What you should do: An exact restatement of the data below, with the pictures removed, is the required answer.

Exercise data:
= = =

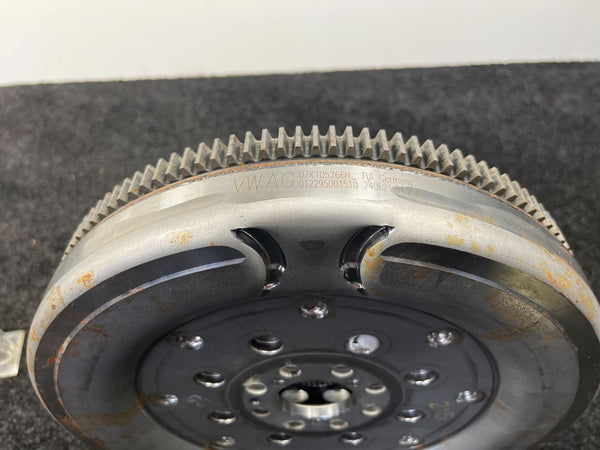 Audi RS3 (8YA) 2.5 TFSI DNW Schwungrad 07K105266H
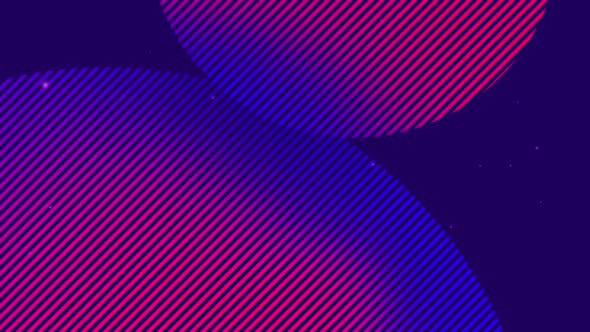 Beautiful Modern Red Purple Gradient Ball Circle Background alt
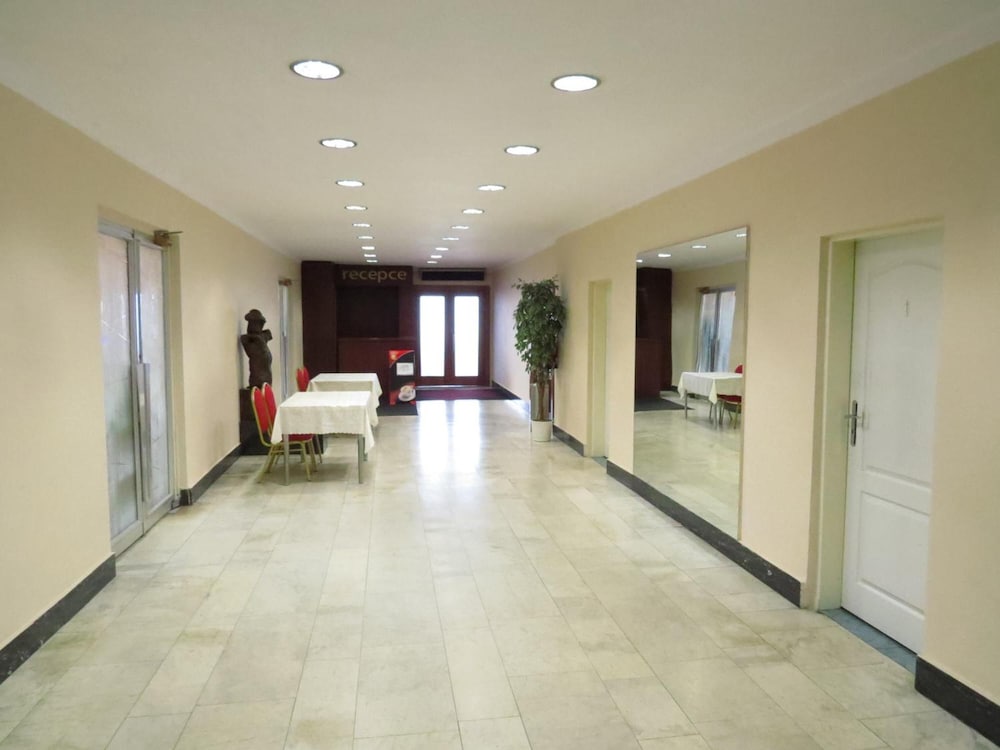 Фото Interhotel Bohemia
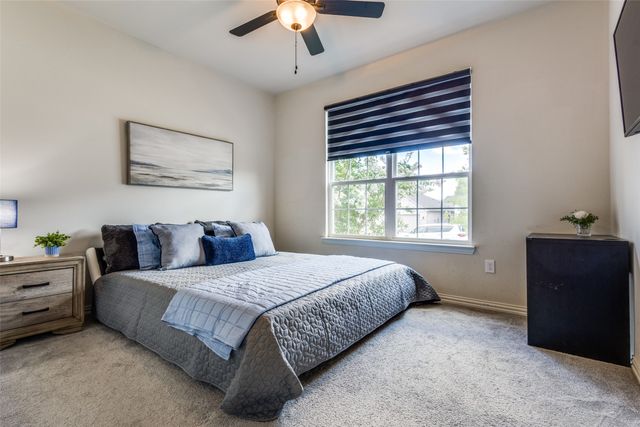 3340 Sorghum Way, Mckinney, TX 75071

= = =

Finished task:
 Audi RS3 (8YA) 2.5 TFSI DNW Schwungrad 07K105266H
 Beautiful Modern Red Purple Gradient Ball Circle Background alt
 Фото Interhotel Bohemia
 3340 Sorghum Way, Mckinney, TX 75071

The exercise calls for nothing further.